The City Council has postponed its vote on Mayor Michael Bloomberg's $66 billion budget until Wednesday morning, giving New Yorkers a full day to review the council's annual list of pork barrel spending.
The council released a document early Tuesday morning that details its allotted $50 million in member items, which will go to local community organizations ranging from little leagues to senior centers.
Originally council members said they would hold the vote on Tuesday, but that would have broken ethics rules set by City Council Speaker Christine Quinn.
In 2008, following the council's slush fund scandal, Quinn promised the list of member items should be made public at least 24 hours before the budget vote.
Council members say the spending on member items, even during tough budget times, is necessary to prop up much-needed local nonprofit groups.
Critics allege it is a way for the council speaker to reward her inner circle.
Four members have received more than $1 million in member item money, including council finance committee head Domenic Recchia of Brooklyn, who is set to get more than $1.6 million for local groups.
Despite facing corruption charges, Bronx Councilman Larry Seabrook is slated to receive about $362,000 in member item money this year.
Meanwhile, protesters held an aggressive demonstration by the Emigrant Savings Bank by City Hall Tuesday night to show opposition to the budget's proposed cuts and layoffs, and to demand that Wall Street pay more taxes to the city.
Some protesters entered the lobby of 250 Broadway, the workplace of many city employees, and held a sit-in. Police then arrested and charged 13 of those demonstrators with criminal trespassing.
"The city has plenty of money, they've got a budget surplus, Wall Street's got billions of dollars. There should be no cuts," said a protester. "There should be no cuts to services, they should be expanding services."

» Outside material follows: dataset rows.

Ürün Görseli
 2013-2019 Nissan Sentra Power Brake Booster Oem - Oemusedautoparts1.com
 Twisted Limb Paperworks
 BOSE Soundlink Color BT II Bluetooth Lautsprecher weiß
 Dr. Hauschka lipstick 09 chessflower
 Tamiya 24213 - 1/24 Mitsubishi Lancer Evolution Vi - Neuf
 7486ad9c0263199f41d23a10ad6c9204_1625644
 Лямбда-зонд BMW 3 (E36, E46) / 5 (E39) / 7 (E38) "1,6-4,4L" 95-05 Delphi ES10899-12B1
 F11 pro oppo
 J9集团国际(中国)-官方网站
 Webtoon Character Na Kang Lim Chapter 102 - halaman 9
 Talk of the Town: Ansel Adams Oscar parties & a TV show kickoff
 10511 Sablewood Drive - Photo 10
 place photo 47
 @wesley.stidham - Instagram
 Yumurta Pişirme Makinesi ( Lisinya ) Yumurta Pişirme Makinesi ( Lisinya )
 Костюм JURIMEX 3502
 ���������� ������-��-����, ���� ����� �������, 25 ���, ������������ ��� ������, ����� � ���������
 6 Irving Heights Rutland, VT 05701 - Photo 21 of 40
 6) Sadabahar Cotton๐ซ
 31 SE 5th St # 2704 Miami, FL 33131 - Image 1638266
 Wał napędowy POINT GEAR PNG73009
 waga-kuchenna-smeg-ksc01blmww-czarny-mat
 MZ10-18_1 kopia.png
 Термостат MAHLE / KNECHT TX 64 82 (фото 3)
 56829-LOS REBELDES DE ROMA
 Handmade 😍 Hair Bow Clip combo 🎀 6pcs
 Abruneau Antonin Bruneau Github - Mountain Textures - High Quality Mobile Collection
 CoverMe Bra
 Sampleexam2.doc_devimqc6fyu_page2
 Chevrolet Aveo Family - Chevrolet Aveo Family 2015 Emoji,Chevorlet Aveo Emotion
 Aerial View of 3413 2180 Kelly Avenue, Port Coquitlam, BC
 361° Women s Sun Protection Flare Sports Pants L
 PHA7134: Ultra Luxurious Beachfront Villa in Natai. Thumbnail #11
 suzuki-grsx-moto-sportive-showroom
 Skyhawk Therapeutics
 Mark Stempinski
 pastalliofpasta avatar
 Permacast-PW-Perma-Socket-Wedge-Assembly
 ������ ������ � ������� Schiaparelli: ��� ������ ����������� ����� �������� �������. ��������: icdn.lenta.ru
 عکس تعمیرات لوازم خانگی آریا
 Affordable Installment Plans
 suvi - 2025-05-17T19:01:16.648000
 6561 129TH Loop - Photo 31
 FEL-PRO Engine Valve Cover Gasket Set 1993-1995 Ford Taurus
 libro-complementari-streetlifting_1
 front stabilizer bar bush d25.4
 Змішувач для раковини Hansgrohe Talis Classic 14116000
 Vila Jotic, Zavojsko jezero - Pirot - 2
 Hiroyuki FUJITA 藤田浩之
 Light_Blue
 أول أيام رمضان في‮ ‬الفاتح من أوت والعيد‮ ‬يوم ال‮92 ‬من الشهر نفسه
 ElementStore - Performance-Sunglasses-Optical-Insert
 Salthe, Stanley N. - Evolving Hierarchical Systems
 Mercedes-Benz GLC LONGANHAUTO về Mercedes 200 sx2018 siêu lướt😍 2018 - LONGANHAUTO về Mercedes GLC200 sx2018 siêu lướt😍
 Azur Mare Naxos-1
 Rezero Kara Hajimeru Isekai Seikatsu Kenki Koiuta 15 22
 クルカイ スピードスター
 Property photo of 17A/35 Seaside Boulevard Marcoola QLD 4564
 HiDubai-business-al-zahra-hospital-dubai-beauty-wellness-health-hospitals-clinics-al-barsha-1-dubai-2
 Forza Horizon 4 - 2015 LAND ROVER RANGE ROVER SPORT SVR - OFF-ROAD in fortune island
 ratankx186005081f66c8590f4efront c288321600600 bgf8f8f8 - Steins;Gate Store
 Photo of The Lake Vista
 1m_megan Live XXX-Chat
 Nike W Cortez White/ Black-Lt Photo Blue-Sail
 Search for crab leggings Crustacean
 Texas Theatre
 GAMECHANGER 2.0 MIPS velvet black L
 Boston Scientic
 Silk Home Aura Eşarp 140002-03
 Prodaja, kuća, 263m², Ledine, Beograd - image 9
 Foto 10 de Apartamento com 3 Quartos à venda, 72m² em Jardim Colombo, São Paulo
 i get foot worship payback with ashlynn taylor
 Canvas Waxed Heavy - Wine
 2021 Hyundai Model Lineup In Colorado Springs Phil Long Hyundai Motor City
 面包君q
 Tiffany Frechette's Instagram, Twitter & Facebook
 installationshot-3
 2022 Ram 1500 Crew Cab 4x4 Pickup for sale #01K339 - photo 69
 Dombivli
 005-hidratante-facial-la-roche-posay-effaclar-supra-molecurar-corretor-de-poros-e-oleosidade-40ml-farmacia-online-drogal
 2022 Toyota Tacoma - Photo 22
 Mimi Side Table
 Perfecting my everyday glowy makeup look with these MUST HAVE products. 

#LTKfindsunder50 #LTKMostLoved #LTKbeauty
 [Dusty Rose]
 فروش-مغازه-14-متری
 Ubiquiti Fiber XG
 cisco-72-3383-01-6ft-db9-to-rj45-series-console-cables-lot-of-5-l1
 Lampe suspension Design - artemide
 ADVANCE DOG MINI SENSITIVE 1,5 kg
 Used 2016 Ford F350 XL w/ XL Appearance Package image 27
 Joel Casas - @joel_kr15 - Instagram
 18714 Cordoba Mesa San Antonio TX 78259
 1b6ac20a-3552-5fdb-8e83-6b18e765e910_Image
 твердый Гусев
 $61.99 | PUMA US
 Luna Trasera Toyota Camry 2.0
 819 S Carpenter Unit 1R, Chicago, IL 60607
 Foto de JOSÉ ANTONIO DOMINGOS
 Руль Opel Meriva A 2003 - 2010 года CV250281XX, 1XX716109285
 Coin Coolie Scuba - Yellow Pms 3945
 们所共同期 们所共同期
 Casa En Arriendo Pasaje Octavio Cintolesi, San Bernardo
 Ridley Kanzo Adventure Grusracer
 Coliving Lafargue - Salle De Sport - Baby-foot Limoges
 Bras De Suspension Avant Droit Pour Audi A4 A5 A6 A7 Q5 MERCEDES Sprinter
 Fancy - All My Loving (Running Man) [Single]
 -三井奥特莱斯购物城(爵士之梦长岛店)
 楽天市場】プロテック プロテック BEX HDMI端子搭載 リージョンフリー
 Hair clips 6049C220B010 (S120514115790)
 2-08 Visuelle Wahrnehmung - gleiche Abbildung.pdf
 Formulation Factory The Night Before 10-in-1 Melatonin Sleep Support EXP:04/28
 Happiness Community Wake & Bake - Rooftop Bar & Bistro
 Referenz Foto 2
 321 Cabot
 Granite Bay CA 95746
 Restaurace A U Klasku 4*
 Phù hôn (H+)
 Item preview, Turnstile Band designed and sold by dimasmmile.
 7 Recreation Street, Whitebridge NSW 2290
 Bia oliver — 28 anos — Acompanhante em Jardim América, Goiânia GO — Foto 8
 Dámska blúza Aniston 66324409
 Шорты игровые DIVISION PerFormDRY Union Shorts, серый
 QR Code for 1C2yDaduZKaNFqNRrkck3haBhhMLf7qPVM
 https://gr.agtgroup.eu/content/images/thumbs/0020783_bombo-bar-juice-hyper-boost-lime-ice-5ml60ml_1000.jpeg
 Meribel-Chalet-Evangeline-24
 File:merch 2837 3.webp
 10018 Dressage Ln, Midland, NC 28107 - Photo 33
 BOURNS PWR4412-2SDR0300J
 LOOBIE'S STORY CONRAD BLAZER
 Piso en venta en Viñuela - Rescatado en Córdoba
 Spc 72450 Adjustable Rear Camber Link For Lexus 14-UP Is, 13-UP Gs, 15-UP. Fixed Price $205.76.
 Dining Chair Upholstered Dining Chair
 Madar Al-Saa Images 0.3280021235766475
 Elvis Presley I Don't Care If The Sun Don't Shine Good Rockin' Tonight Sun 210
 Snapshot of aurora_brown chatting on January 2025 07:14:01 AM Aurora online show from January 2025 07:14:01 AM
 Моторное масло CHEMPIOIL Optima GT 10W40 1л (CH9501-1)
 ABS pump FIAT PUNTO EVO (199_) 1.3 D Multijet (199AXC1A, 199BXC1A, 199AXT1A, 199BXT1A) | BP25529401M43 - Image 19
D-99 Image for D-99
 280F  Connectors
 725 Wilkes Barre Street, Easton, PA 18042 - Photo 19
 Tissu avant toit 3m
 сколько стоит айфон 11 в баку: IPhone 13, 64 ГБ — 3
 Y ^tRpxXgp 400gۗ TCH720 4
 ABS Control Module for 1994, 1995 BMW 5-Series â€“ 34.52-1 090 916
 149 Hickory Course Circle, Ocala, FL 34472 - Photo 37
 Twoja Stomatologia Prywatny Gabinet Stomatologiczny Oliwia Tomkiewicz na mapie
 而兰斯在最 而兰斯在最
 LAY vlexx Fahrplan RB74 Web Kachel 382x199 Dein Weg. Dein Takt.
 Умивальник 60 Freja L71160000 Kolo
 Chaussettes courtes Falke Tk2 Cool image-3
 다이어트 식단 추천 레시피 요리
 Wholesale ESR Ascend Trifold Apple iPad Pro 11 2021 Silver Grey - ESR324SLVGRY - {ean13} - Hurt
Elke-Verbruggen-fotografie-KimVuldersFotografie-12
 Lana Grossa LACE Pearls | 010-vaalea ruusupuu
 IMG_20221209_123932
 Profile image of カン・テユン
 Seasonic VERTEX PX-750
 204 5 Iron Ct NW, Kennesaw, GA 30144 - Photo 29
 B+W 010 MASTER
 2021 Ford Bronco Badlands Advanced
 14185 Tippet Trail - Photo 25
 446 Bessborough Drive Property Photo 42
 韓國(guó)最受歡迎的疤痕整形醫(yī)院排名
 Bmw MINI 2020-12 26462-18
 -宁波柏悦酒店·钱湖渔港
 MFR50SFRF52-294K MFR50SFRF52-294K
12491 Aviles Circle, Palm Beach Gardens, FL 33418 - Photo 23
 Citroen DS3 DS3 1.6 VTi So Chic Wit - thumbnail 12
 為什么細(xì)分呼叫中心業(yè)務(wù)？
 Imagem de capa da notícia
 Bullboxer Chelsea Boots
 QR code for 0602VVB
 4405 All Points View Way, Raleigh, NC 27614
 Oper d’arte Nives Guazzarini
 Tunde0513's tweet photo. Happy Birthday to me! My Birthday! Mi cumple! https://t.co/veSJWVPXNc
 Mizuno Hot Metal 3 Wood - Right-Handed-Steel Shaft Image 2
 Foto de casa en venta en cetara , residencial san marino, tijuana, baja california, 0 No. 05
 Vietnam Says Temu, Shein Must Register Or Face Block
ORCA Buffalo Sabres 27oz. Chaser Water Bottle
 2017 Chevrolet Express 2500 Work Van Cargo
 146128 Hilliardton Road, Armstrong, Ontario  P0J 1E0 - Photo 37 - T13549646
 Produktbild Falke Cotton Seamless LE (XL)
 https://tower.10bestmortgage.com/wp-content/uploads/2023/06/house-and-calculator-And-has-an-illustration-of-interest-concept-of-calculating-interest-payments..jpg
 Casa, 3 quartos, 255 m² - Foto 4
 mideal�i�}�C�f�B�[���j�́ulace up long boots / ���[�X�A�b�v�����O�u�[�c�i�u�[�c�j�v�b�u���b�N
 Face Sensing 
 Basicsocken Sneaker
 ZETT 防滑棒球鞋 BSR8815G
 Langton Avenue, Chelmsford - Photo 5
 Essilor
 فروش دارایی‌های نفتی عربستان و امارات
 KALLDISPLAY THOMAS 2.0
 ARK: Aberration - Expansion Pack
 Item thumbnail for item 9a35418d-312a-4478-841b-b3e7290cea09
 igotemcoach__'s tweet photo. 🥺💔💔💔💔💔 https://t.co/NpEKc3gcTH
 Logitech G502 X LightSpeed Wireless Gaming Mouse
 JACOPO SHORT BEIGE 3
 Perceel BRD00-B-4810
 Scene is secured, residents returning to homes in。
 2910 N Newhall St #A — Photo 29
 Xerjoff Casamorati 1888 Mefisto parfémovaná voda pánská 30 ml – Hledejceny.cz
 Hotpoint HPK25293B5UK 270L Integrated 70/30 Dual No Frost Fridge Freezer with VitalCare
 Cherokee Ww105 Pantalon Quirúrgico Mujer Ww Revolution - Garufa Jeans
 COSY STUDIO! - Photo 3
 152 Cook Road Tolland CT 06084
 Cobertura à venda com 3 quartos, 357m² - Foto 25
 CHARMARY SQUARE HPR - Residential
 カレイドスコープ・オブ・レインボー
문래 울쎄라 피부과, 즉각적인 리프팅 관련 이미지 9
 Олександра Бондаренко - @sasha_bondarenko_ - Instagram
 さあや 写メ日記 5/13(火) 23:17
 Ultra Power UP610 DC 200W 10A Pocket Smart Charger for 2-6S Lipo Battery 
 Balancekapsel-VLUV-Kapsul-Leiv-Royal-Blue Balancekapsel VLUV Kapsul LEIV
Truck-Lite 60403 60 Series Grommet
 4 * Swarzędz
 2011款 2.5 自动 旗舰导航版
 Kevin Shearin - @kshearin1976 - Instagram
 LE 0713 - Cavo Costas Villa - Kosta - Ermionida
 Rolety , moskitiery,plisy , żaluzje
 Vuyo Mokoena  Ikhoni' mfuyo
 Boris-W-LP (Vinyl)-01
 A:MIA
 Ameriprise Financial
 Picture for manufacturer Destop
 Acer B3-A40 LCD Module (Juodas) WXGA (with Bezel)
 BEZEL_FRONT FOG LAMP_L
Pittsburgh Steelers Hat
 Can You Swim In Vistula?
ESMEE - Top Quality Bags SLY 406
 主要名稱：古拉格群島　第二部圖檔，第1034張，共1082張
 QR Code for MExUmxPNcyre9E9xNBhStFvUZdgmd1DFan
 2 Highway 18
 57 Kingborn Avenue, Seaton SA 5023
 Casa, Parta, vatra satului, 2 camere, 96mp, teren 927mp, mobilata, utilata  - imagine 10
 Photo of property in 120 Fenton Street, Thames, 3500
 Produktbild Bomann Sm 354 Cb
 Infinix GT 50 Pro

"These cuts are literally going to destroy people's lives, and they should be seen as such," said another.
While the budget deal reached on Friday saves 4,000 teachers from losing their jobs and keeps 20 fire companies open, about 2,600 retiring teachers will not be replaced and class sizes are expected to increase.
Some members of District Council 37, the city's largest public employee union, are also expected to lose their jobs.